Nature Notes

Jenny Dixon

Wharfedale Naturalists Society

MOST of them have now arrived, our summer visitors: sand martins at the Ben Rhydding and Ilkley nest sites, house martins in our friend’s Addingham stables, swallows glimpsed skimming the fields, and chiffchaff, willow warblers and blackcaps in full song. I’ve also heard that pied flycatchers and redstarts have returned to Strid Wood. Cuckoos have been heard on Beamsley Beacon and Burley Moor, though I haven’t yet had any report of one on Ilkley Moor. Still – any day now! The dawn chorus is building up to its full complement.

And – breaking news! Swifts, usually the last to get here, have been seen dashing high above Ilkley Cemetery. Their arrival announces “Summer”. They swoop low into town, screaming a derisive greeting and then dash off again to climb the sky where we can just detect their characteristic scythe-shaped silhouettes as they hunt insects unbelievably high above us. What a star turn! Earth-bound creatures that we are, it’s hard to imagine what their lives are like.
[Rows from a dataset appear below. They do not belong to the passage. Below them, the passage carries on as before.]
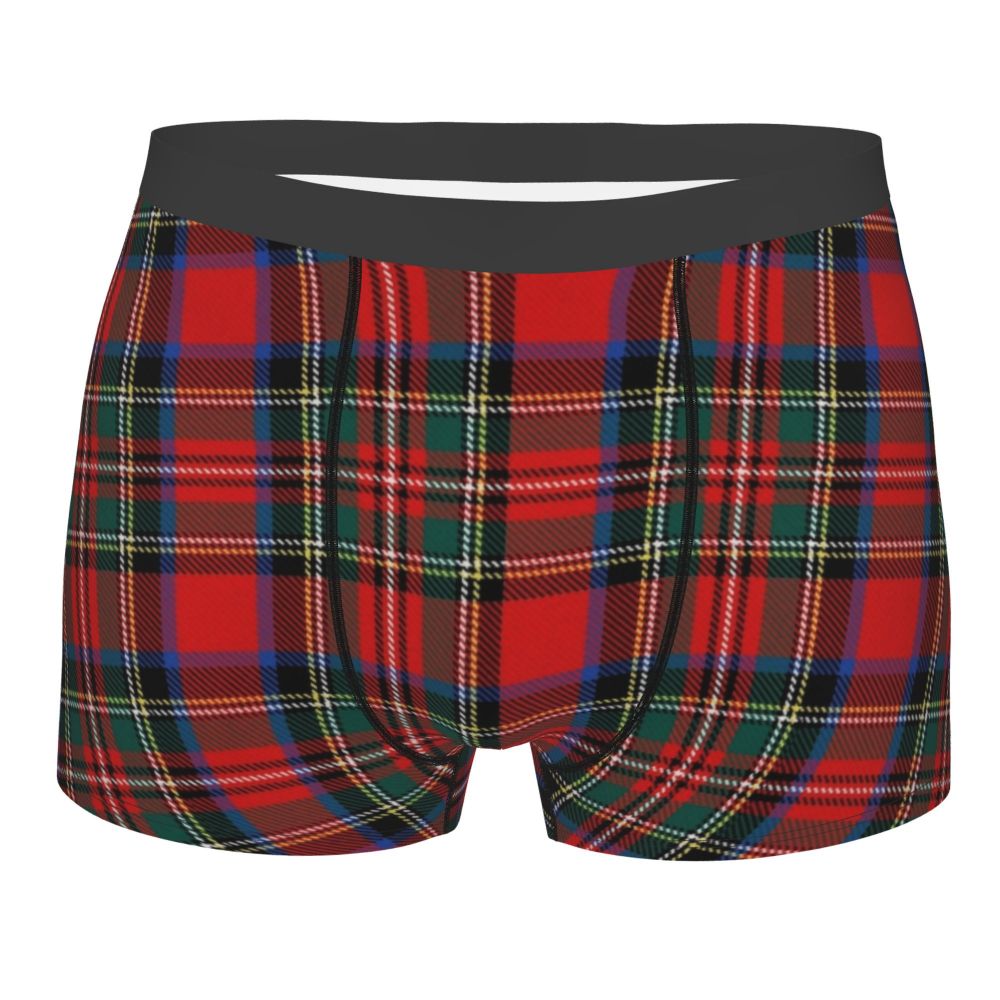 Black Watch Tartan Boxer Shorts for Men in Lycra and Polyester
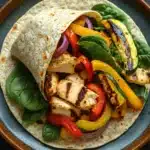 Grilled chicken and veggie wrap - the image shows a plate with a tortilla wrap on it. the tortilla is filled with grilled chicken, sliced red and yellow bell peppers, zucchini, and red onions. the chicken is cooked to a golden brown color and appears to be seasoned with herbs and spices. the vegetables are arranged in a colorful and appetizing manner, with some leaves scattered around the tortilla. the plate is brown and has a textured surface. the background is dark, making the colors of the food stand out.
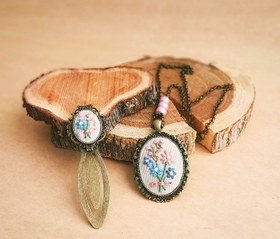 تصویر ست گلدوزی گل ریز 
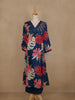 Navy Blue Floral Printed Cotton Palazzo Suit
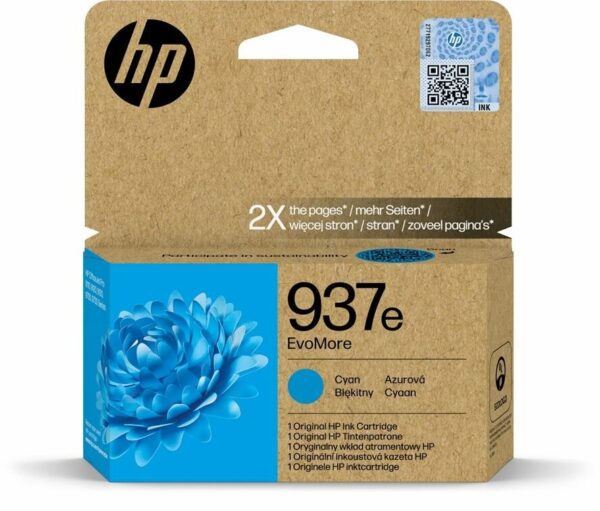 Original Cyan HP 937e EvoMore Hight Capacity XL Ink Cartridge 4S6W6NE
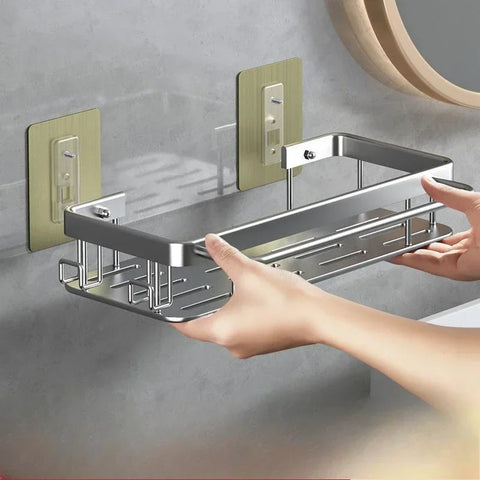 Prateleira de Casa de Banho Preta – Montagem na Parede Sem Furos | Suporte de Alumínio Antiferrugem Moderno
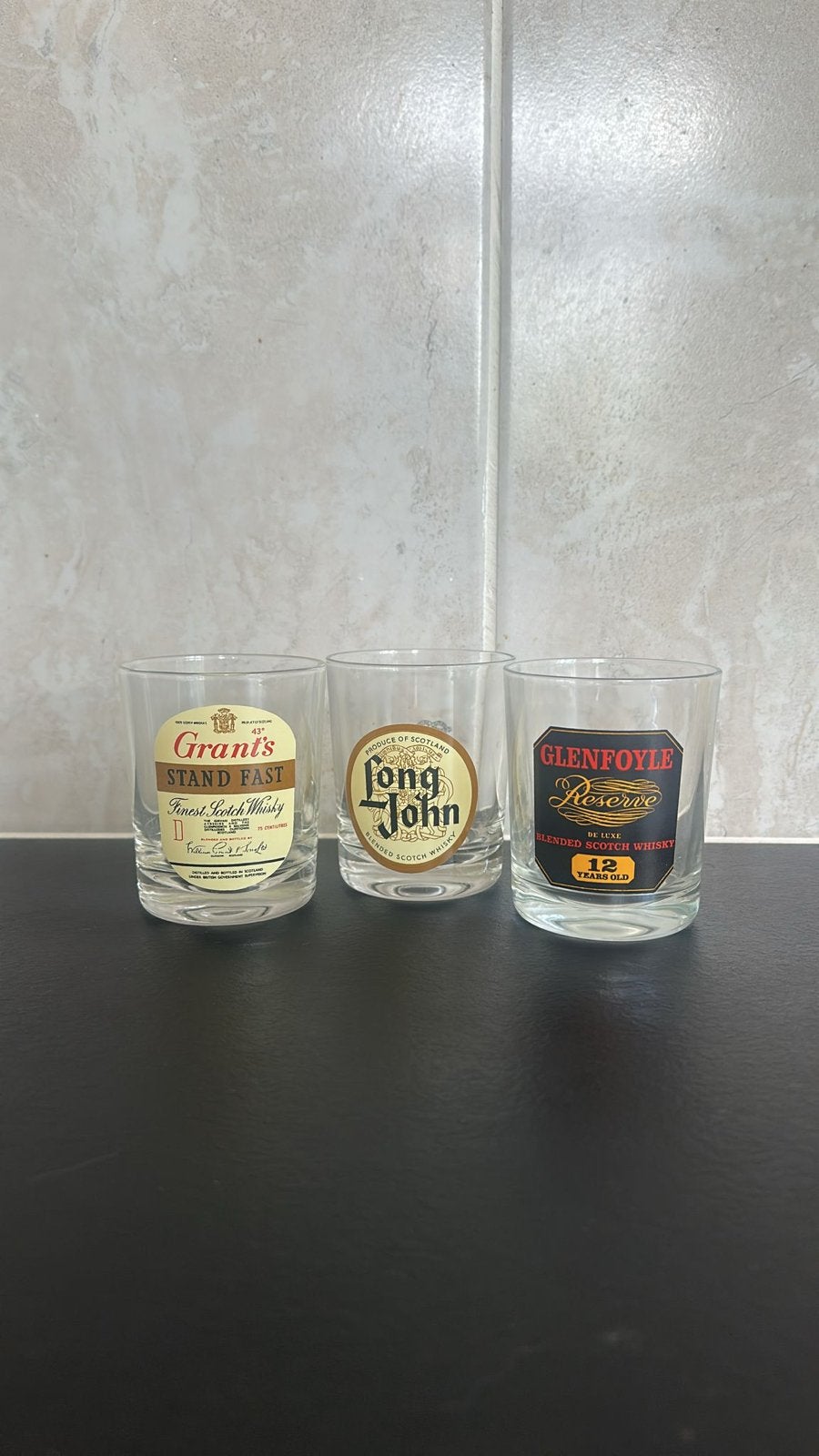 Set van 3 vintage whiskyglazen Grant's, Long John, Glenfoy, Verzamelen, Ophalen of Verzenden, Zo goed als nieuw, Overige typen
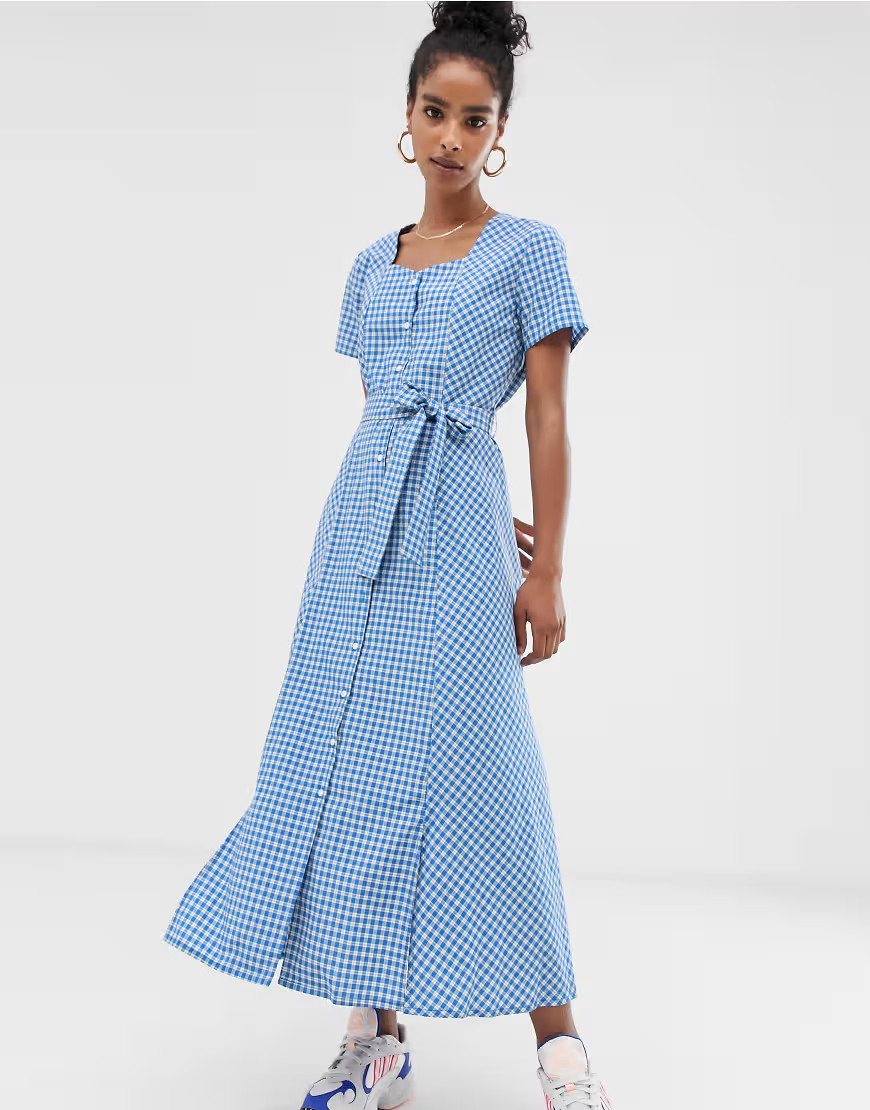 Resume Noma gingham midi dress-Blue | ASOS (Global)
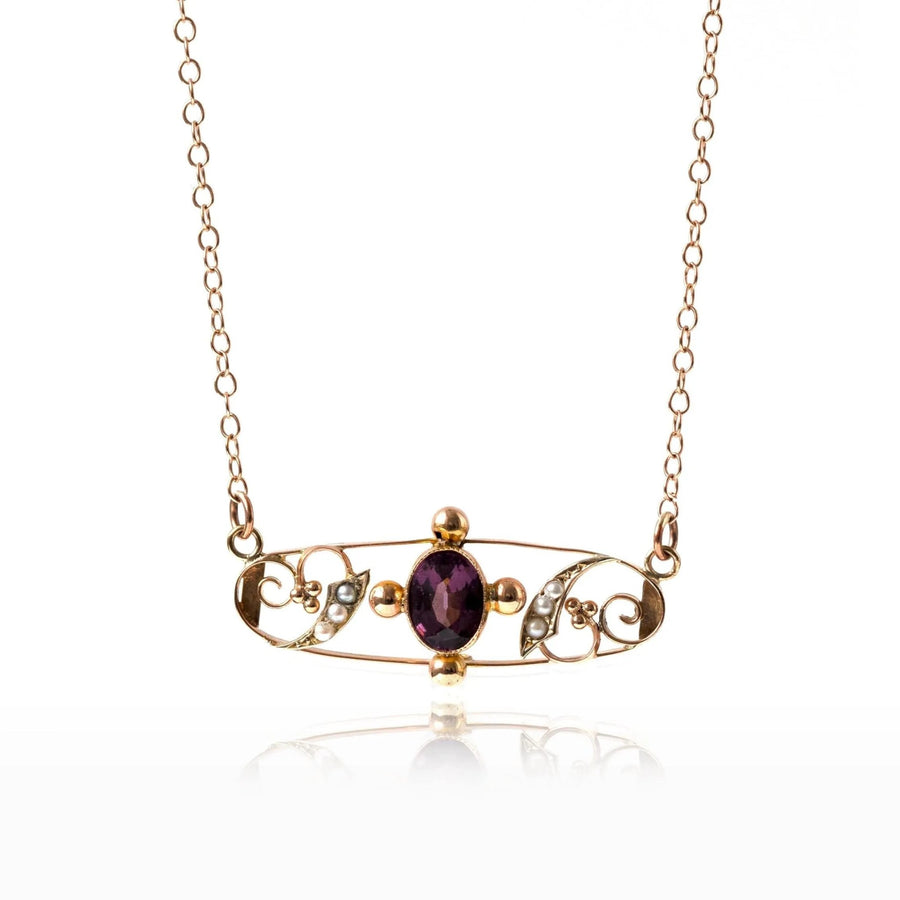 Antique Edwardian Amethyst 9ct Rose Gold Necklace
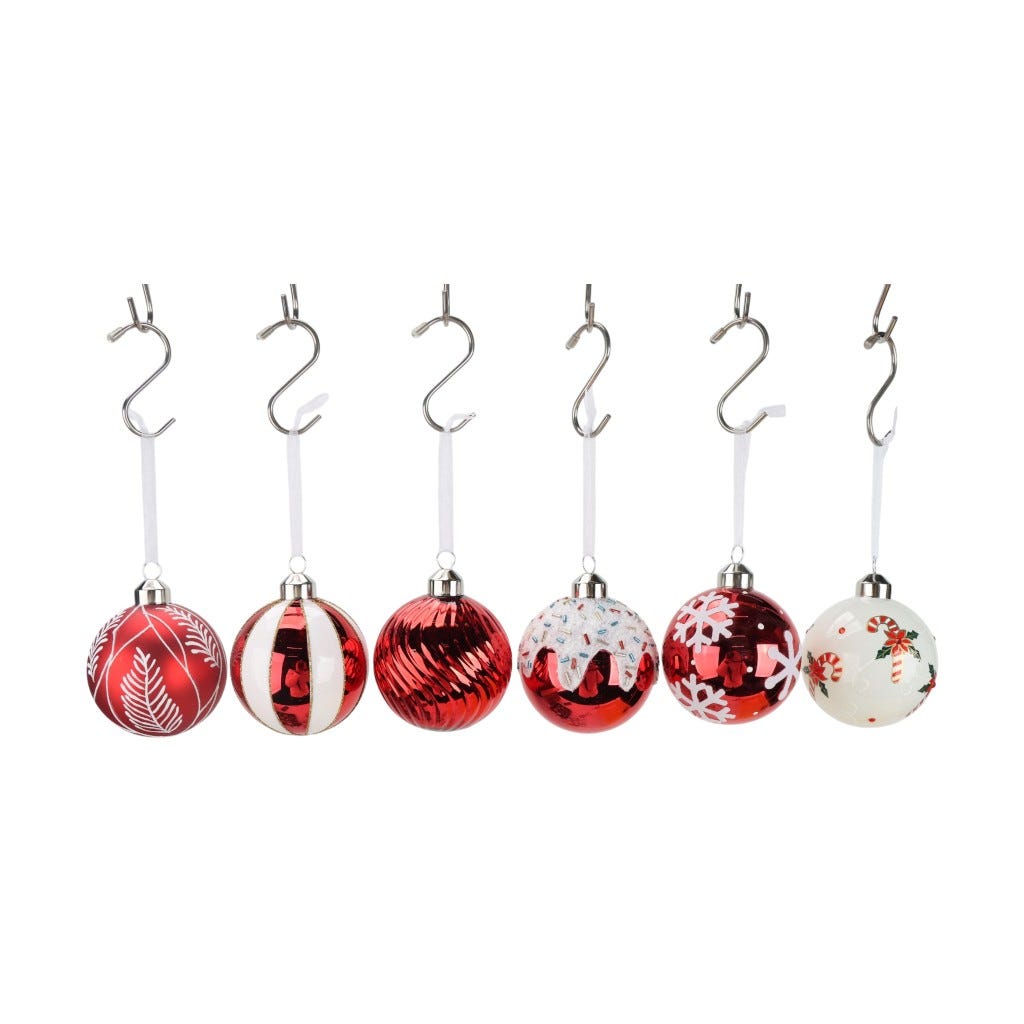 Bambalina De Vidrio Roja Y Blanca Surtido 8 Cm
They come here to breed, to reap the benefit of our long hours of daylight for gathering food for their young. They are monogamous and return to the same nest site each year. Their nests are put together in holes in buildings and they lay only two or three eggs. The time taken for both incubation and fledging is variable: swifts depend on the weather. They’ll fly long distances to find food. The eggs have evolved to survive a cooling period of long parental absence that would kill other birds’ young, and nestlings just have to learn to wait! That’s not all. Once the fledgling steps from its nest it doesn’t touch down till it returns to the breeding site, probably one or two years later. Everything – feeding, sleeping, mating – is done on the wing. Their legs are, not surprisingly, stubby and weak, though they do have strong feet to cling to stony surfaces.

The other late arrival to look out for, rather rare here in Wharfedale now, is the spotted flycatcher, a robin-sized brown bird with an upright stance and an easily recognizable method of hunting its food. It perches on a post, rail or tree branch, flies out and up, often in a quick spiral, catches an insect with an audible snap of its beak and returns to the same perch and a repeat performance. They often nest close to houses and are quite confiding. In 2015, a pair reared four young in a roosting pouch tucked under my sister’s garage roof.